Letts Active Readers
The Phony Phantom
Gopher (Letts).

I fervently believe that using phonics reading schemes empower children. I have been delighted to work on Phonics schemes for three leading publishers: Hodder Children’s Books, Ladybird and most recently, Letts.

I was commissioned by Letts to create a 20-book complete phonics reading scheme for children. The scheme, called Letts Active Readers, consisted of four meticulously-graded learning levels from 4-5 years through to 7-8 years.

Explore all 20 Letts Active Reader
titles at One Stop Education

See Inside all the Letts Active Readers series at www.amazon.co.uk. Just type, Active+Gifford to call up all 20 titles.


Ratman confronts the Big Cat

A scene from Ratman and the Big Cat (Letts Active Readers 4-5yrs)
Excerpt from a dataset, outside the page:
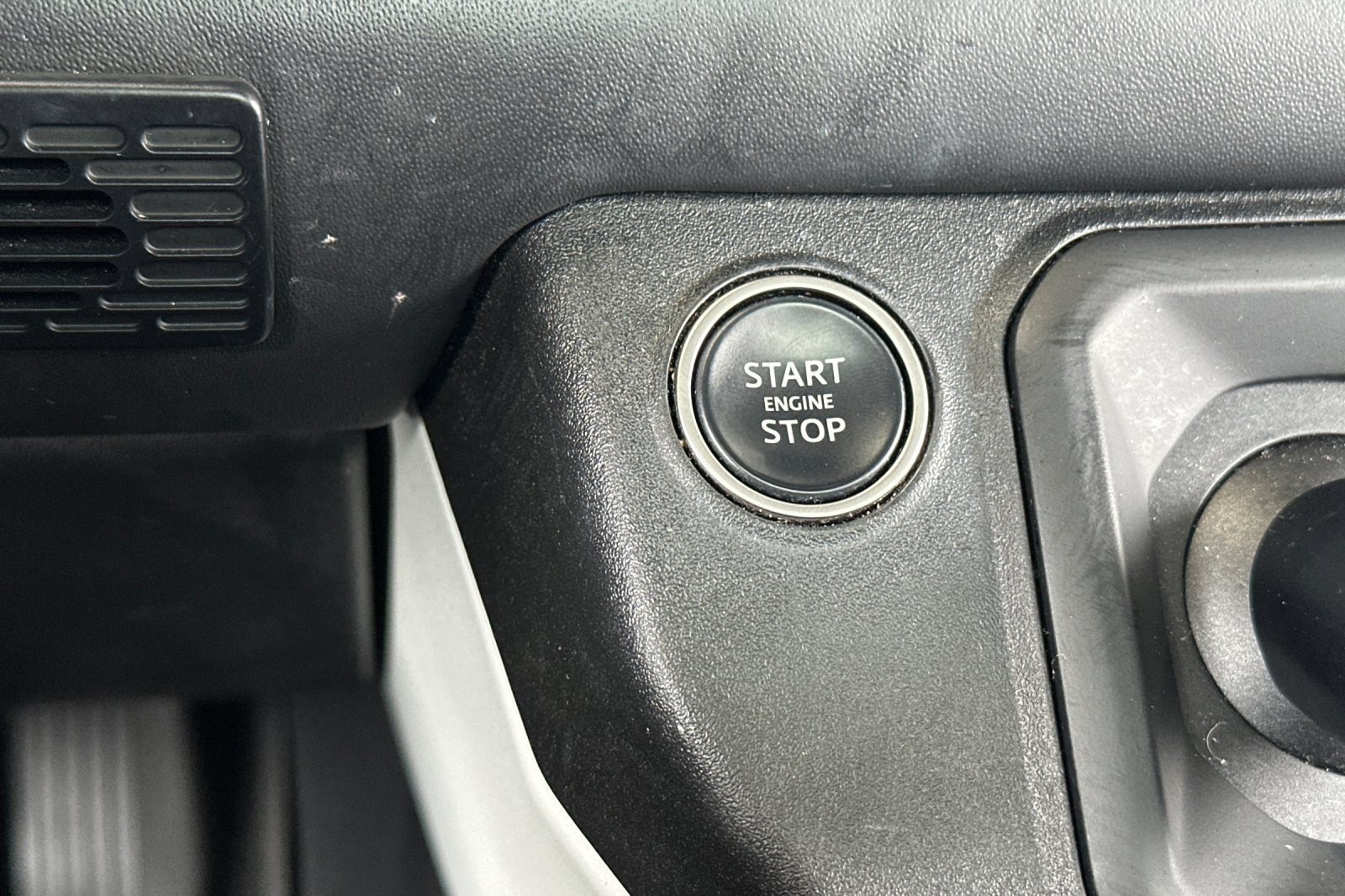Used 2024 Land Rover Defender 110 X-Dynamic SE AWD/4WD image 22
I considered dozens of original plots, characters and storylines. The aim was to create stories which would stand alone as entertaining, engaging fiction for children to enjoy whether being read to or taking their early, important steps in reading aloud and for themselves. These stories rise in complexity through the age ranges.
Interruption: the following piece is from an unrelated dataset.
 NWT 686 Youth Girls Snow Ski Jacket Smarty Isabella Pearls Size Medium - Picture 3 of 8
Variety of genre and approach was key to building a series that will keep young readers interested as they grow and develop their abilities. The books range from gentle, young friendship tales (Meet Pete’s Big Feet, There’s A Slug In My Mug) to mysteries (Spike’s Crime Time) ghost stories (The Fair of Fear) amazing alien stories (Mr Martin’s A Martian) and musical tales (A Big Hit For Kit, King Zing’s Gong Song).

Download a spread from Trumps (pdf)

Get Acrobat pdf reader

Oh, that rude Duke of Bude!

All the stories and their illustrations were carefully chosen for their freshness, ability to entertain and to feature extensively throughout their text, the key phonemes and letter blends we wished to convey and reinforce. So, for example, one book for 5-6 year olds focusing on the /u_e/ (magic e) phoneme, became the tale of The Huge Rude Duke. The most incredibly greedy and nasty nobleman imaginable who gets his comeuppance when a young housemaid comes up with a cunning plan.
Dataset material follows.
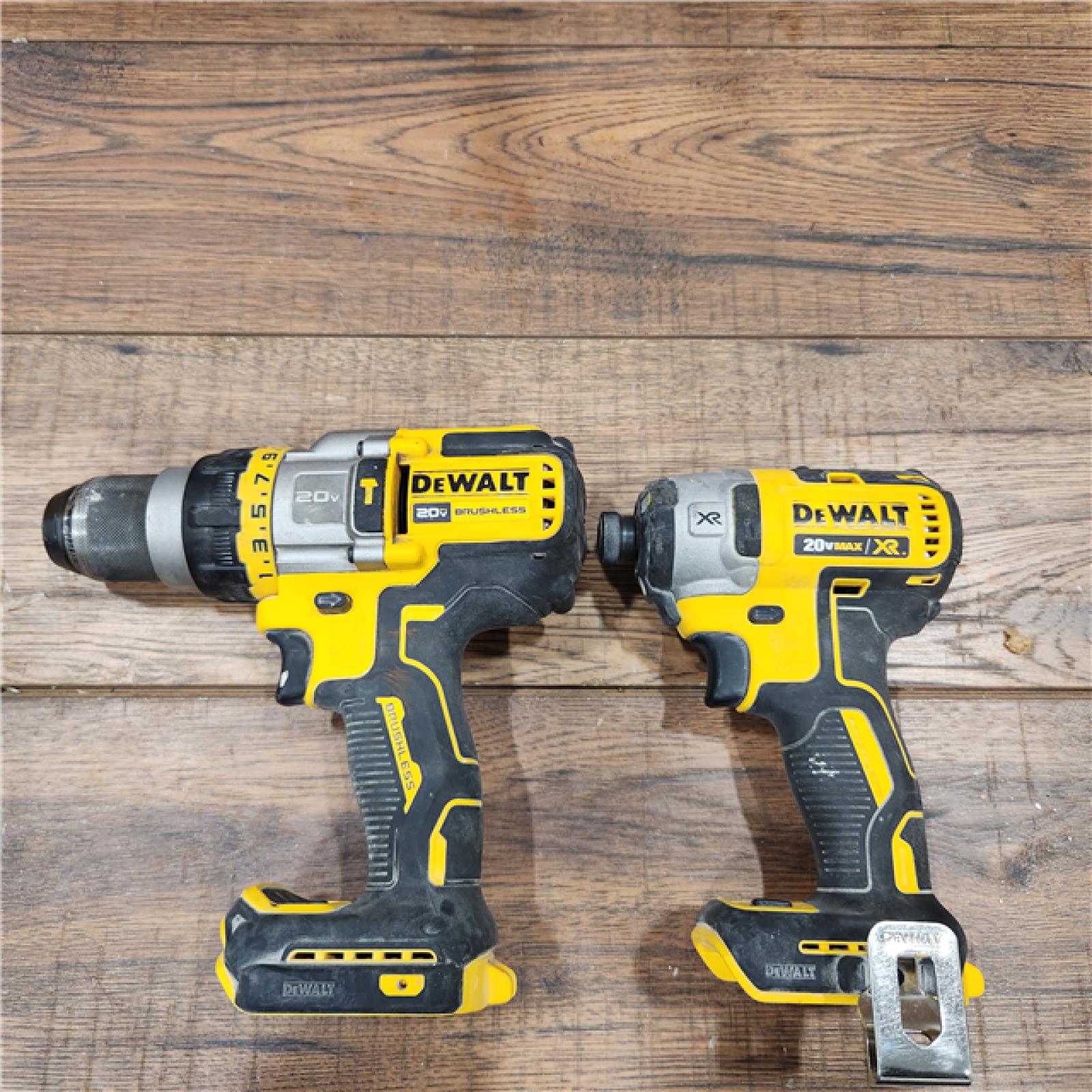 AS-IS 20V MAX Cordless Brushless Hammer Drill/Driver 2 Tool Combo Kit with FLEXVOLT ADVANTAGE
Meet Smart Shark and his Barmy Barge Army
In another book focusing on the /ar/ and /er/ phonemes and the tricky /lf/ and /sk/ endings to words, I developed the story of Smart Shark’s Barmy Barge where a basking shark leads a group of animals including a wolf and a calf on a daring escape from a cruel safari park.

Phonics schemes give children the building blocks with which they can develop not only their reading but also their spelling, word understanding and written English. This was reflected and reinforced in the Letts Active Reader series by placing an interactive exercise on the facing page of each spread. These exercises stem from simple assisted spelling, vocabulary, handwriting and phonics reinforcement at the youngest age groups up to fundamental elements of grammar, composition and comprehension at the oldest age groups. In all cases, they reflect and reinforce the words and phonemes found in their facing story and the answers are found at the back of each book.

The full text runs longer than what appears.